Wu reached in to remove the paper, and Adelaide lunged at his hand. She bit down into the soft skin, refusing to let go.
Wu winced and instinctively flicked his hand to get her off. Adelaide went flying and her body smacked into the back wall of her enclosure with a thump. She fell into a heap, but before she could register the pain, she lunged again.
Wu was quick enough to remove his hand with plenty of time to spare. Adelaide’s momentum caused her to fall forward onto her face, and she laid there, a broken mess. Her face was soaked with tears and Wu’s blood, and each of her bones felt like they snapped in half. Her head spun even worse to the point where she was seeing triple.

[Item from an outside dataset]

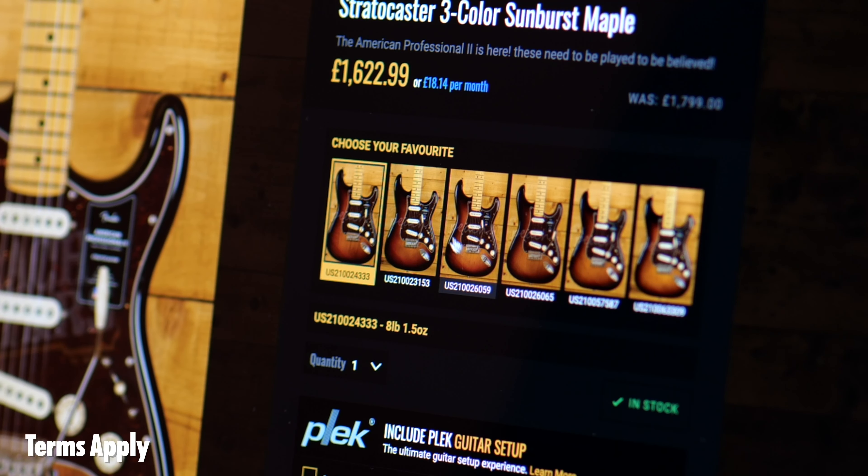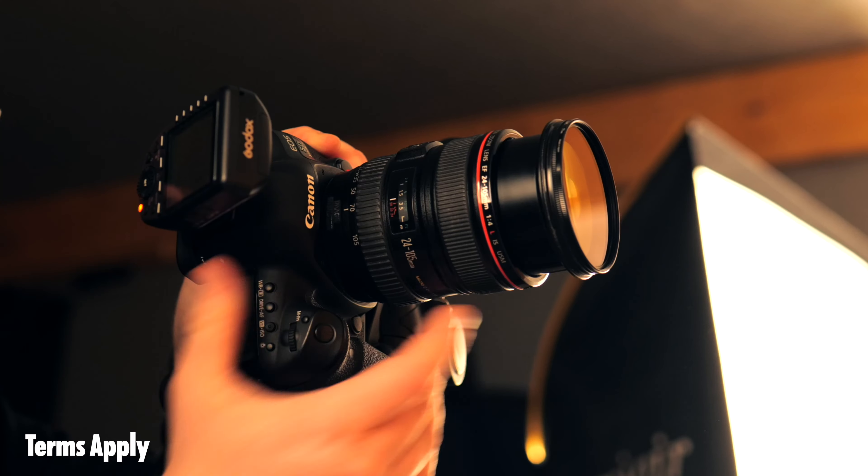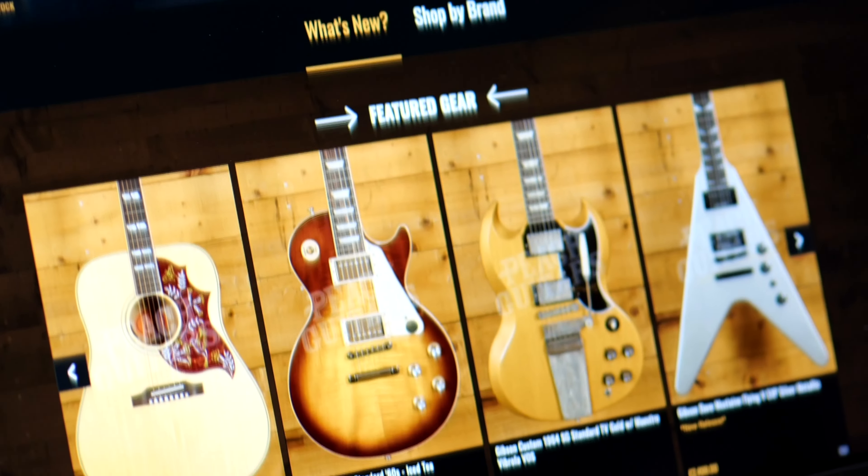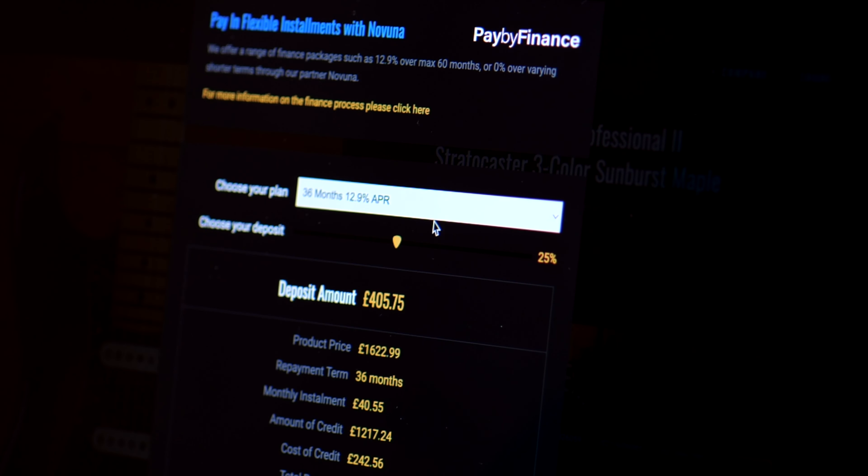If you'd like to find out more about it, you can do so by clicking the card up here to go to our website. Did you know every guitar that we stock is individually photographed, weighed, and now video? You can find full pricing information and purchasing options, including finance and Klarna.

“Hammond was a good man,” Wu continued as if nothing happened. He wrapped a bandage over his hand as he spoke. “but he was a coward. He didn’t bother to consider the wider applications of Lockwood's research.”
Was a good man? In her dazed state, Adelaide blurted, “Hammond’s dead?”
“Yes.”
For the longest time, Adelaide had mixed feelings on John Hammond. He really did seem like a jolly old man with the best intentions, a curious man who loved dinosaurs and magic and wonder, but underneath it all was a greedy child. One who liked to play with fire and didn’t care what he burned down. And in that moment, all of Adelaide’s thoughts on the man became clear. She hated him. She hated him to his very core. “Good,” she said.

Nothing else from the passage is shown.